UEC is located under fuse box, the plastic cover unlocks easily using a screwdriver in the red circled area, but first make sure you disconnect your battery first.
Then unscrew the three silver torx screws.
Unlock the two plastic lockers (one either end) and unscrew the 10mm nut.
Simply Lift out the fuse board top and underneath you will see a lot of pin connectors.
In my case I found water droplets in the rubber (look inside red circles). Water was clearly visible but check everywhere on it as water or damp could be anywhere.
Cleaned and sprayed Electrical Contact Cleaner over it. Do NOT use WD40.

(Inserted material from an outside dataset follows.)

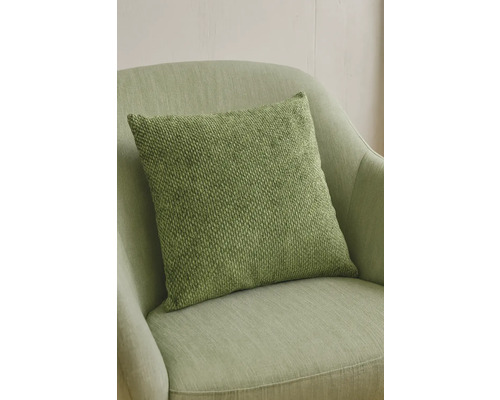 Groen sierkussen op een fauteuil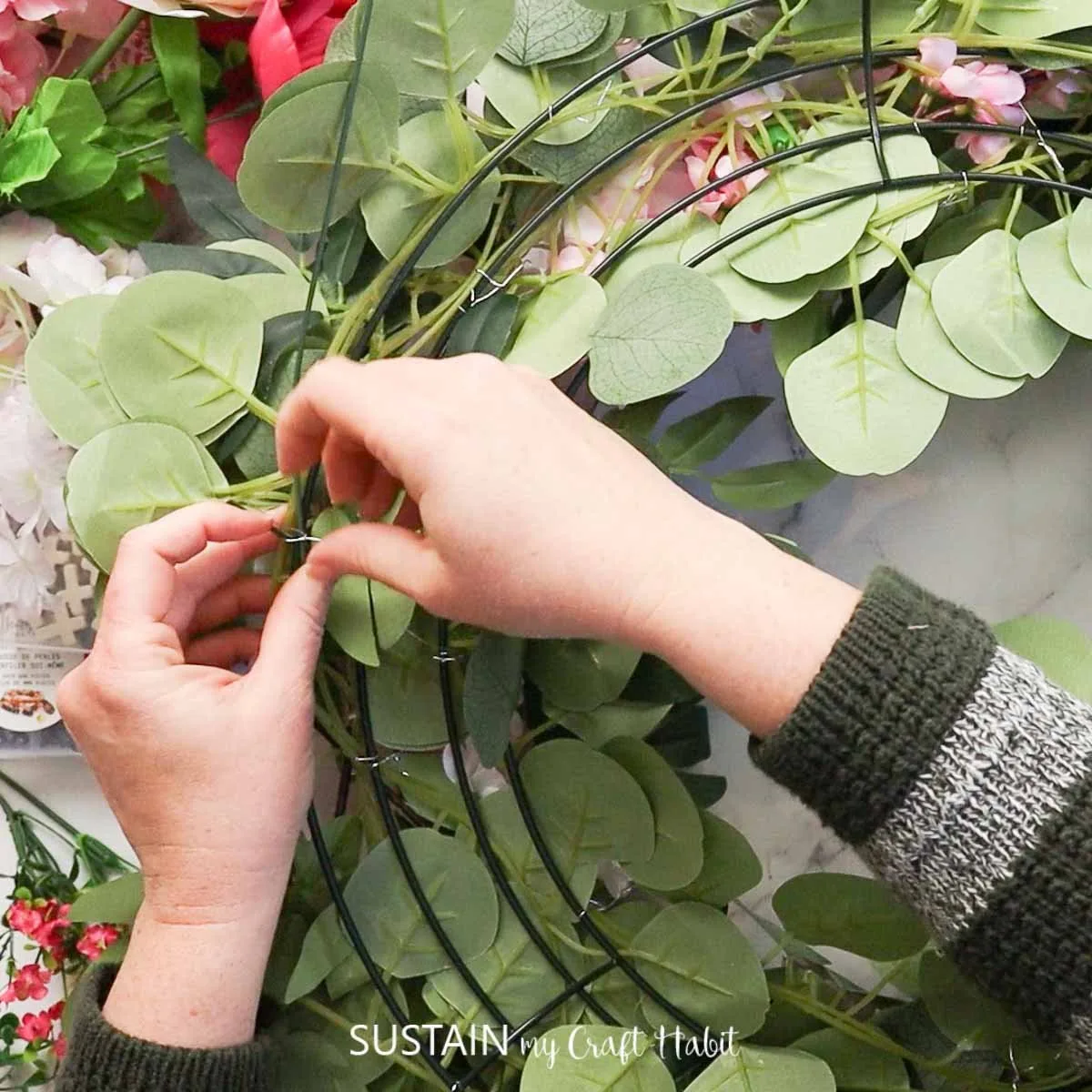 Tying flowers onto the wreath form.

Also check the underside of the Fuse Board (top part you took off). Remove any rust on the pins with fine emery paper, clean and spray, leave to dry then put everything back together.


Also bear in mind that you may not actually see water but it may well be damp and can still cause problems. So while its off its still worthwhile clleaning it, wiping it and spraying it with electrical contact cleaner (NOT WD40). Its actually worthwile taking it into somewhere warm and leaving it near a radiator overnight so its completly dry when you put it back together.

On a side note, I think I know how the water gets to the UEC. Some of it will come in between the radiator and light as you drive but I dont think thats the biggest issue. I noticed that if the car has been sat in rain and the bonnet is covered in water or you have just washed it, if you open the bonnet a lot of water drips off the front lip of the bonnet and hits the corner of the battery, it then bounces and splashes on to the front corner of the UEC next to the battery. Just something to be wary of if you open the bonnet and its wet. I usually lift it about 6 inches and wipe the front lip with a cloth or just my hand to stop it dripping.
.
Thanks smokie1010, this was really helpful, shame photobucket have ruined their image hosting so the pictures don't show anymore unless you pay $300 a year.
The only bit I couldn't work out without the pictures is the 10mm nut. If anyone else comes across this post, the 10mm nut is in the top left corner of the fusebox as you look from the front of the car and it is outside the fusebox, if you are short like me you need to lean over the bonnet to see it :)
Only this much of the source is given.